__YOUR INSTRUCTIONS__.
I would like the lines below, from the one with "Ivory Long Sleeves" through the one with "A close-up shot", copied exactly and without any pictures.

__MATERIAL PROVIDED__.
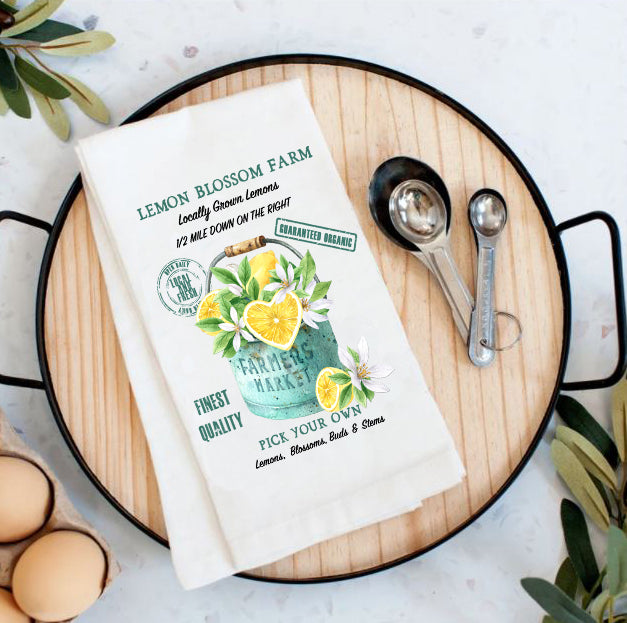 Farmers Market Lemon Blossom Farm Flour Sack Tea Towel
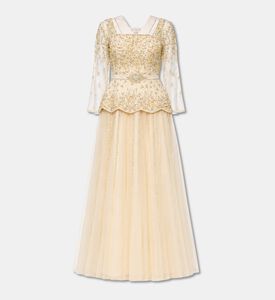Suzy Matar Beaded Peplum Evening Gown, Packshot View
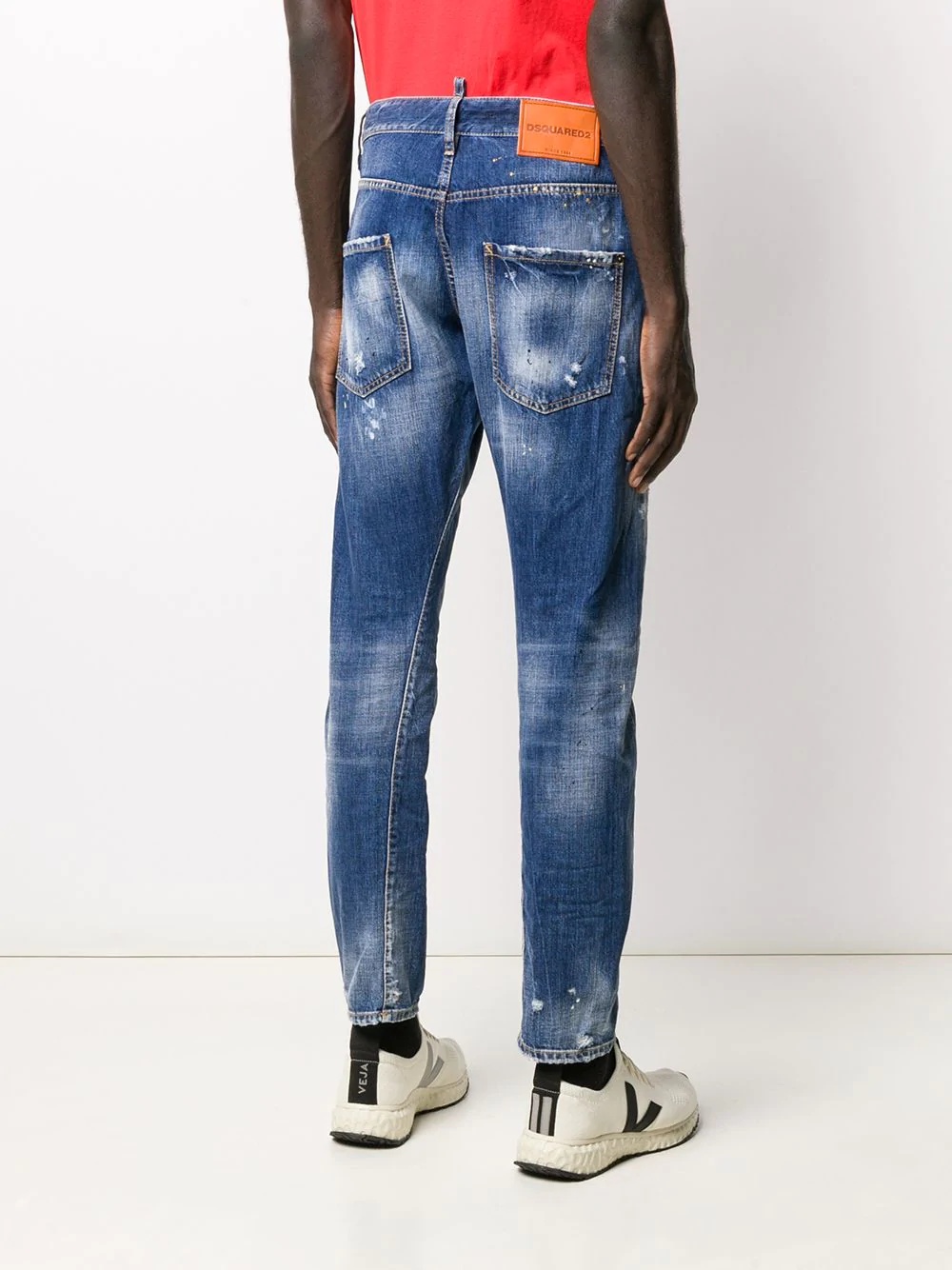 stained-effect straight jeans - 4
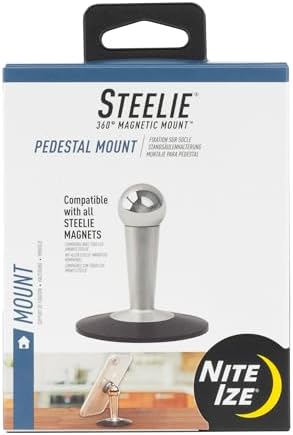 Nite Ize Steelie Pedestal Mount: Premium Magnetic Desk Stand for Mag Safe Devices – Ergonomic Hands-Free Holder Enhancing Productivity with Adjustable Viewing Angles – Sleek, Durable Design Perfect for Home Office Use – Transform Your Device Experience with Modern Minimalism and Optimal Stability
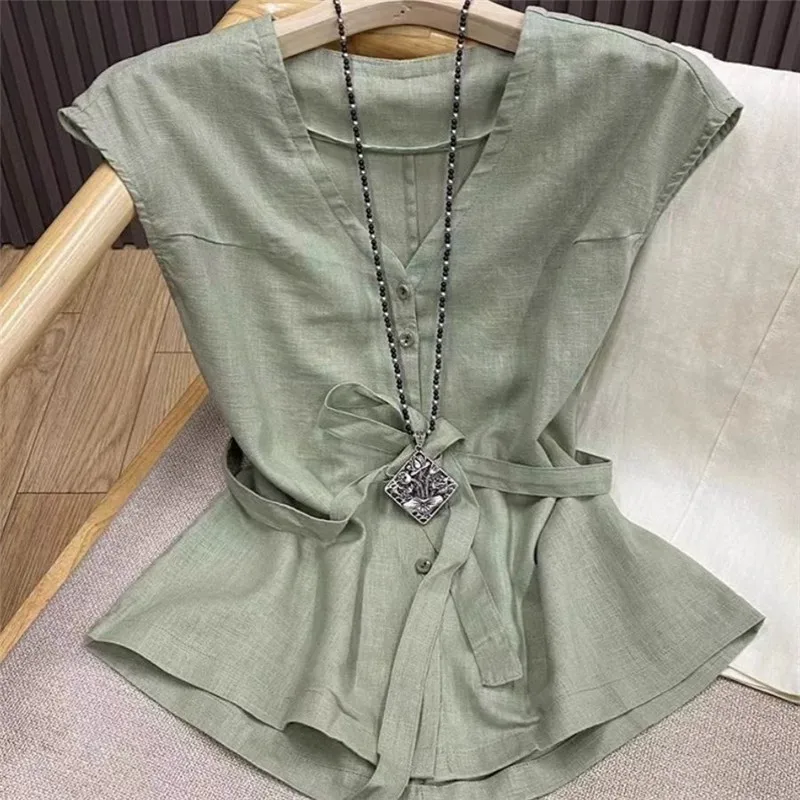 Limiguyue Mint Green Tencel Ramie Blouse Women V-neck Flying Sleeve Shirt Summer Single Breasted Slim Belt Tops Versatile 212P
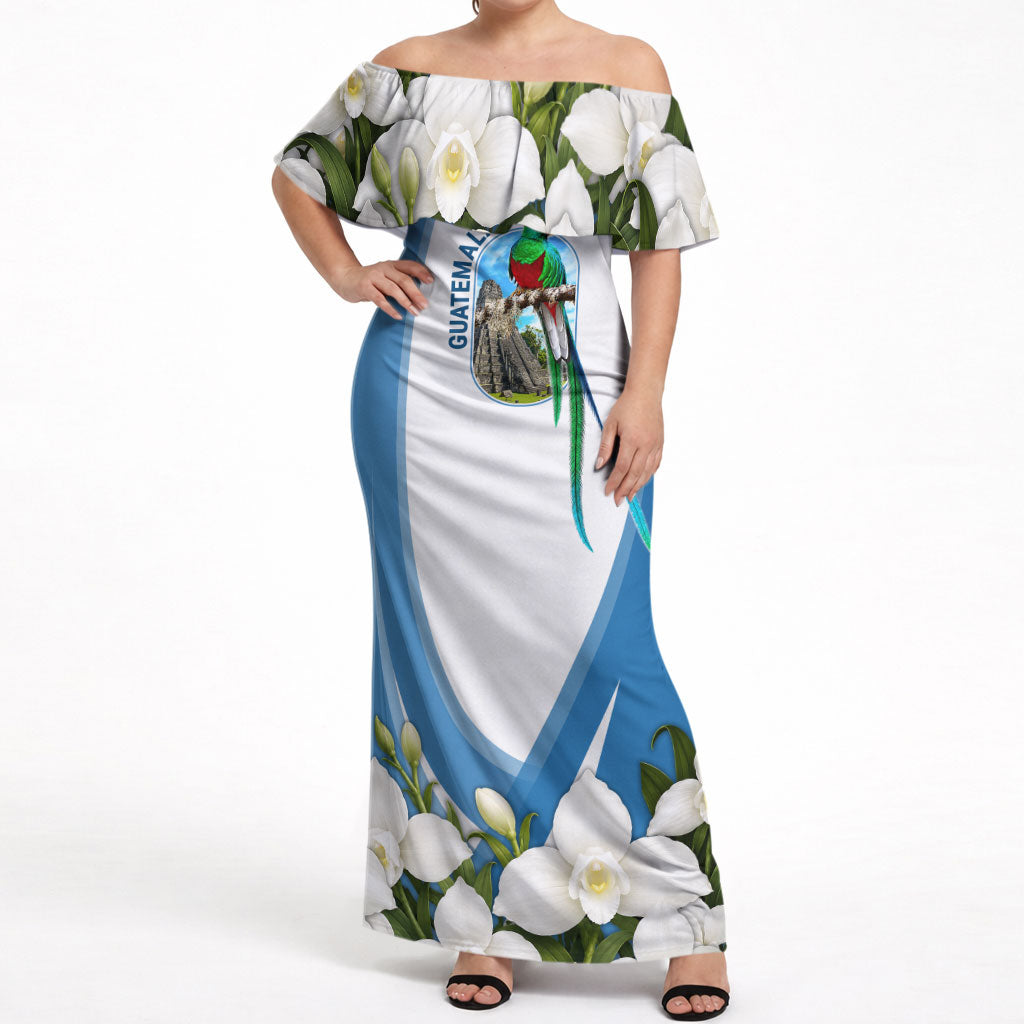 Guatemala Off Shoulder Maxi Dress Quetzal Mayan Ruins Orchid Flag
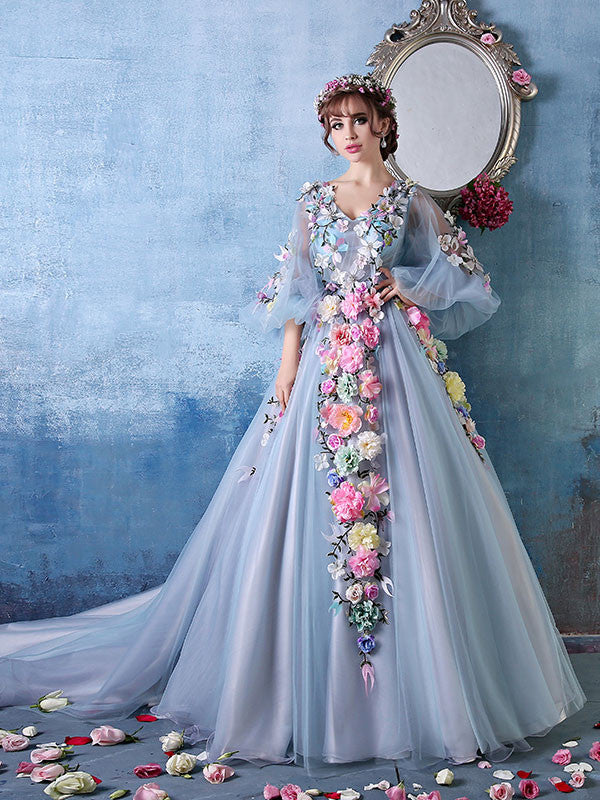 Long Sleeves Ball Gown Evening Dress with Colored Flowers | X035 Size 2 / Ivory Long Sleeves Ball Gown Evening Dress with Colored Flowers | X035 Size 2 / Ivory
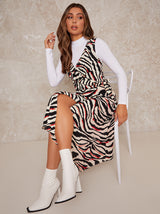 Wrap Style Graduated Hem Midi Dress in Multi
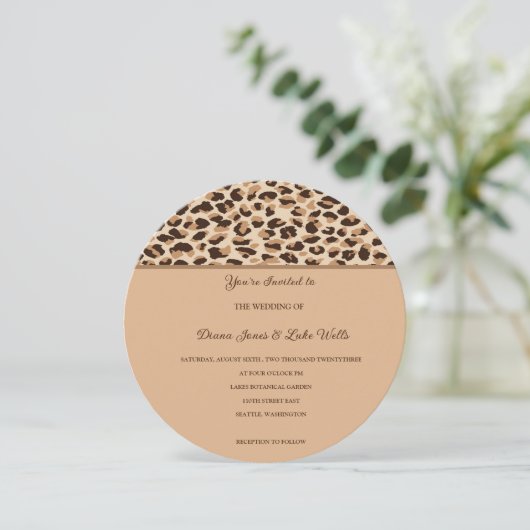 Faire-part de mariage Empreinte de léopard (Debout devant)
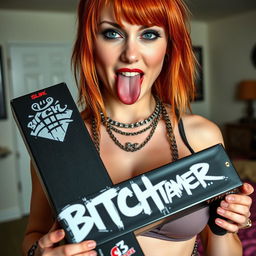 A close-up shot focusing on a sexy female redhead with a large chest, wearing a tank top adorned with punk chains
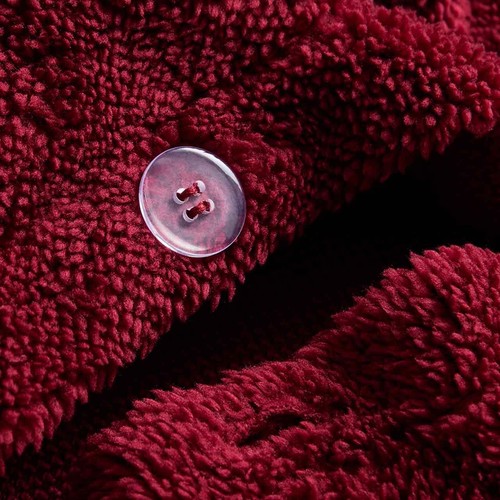 M&S Teddy Fleece Bedding Set, Single, Burgundy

__RESULT OF THE EXERCISE__.
 Long Sleeves Ball Gown Evening Dress with Colored Flowers | X035 Size 2 / Ivory Long Sleeves Ball Gown Evening Dress with Colored Flowers | X035 Size 2 / Ivory
 Wrap Style Graduated Hem Midi Dress in Multi
 Faire-part de mariage Empreinte de léopard (Debout devant)
 A close-up shot focusing on a sexy female redhead with a large chest, wearing a tank top adorned with punk chains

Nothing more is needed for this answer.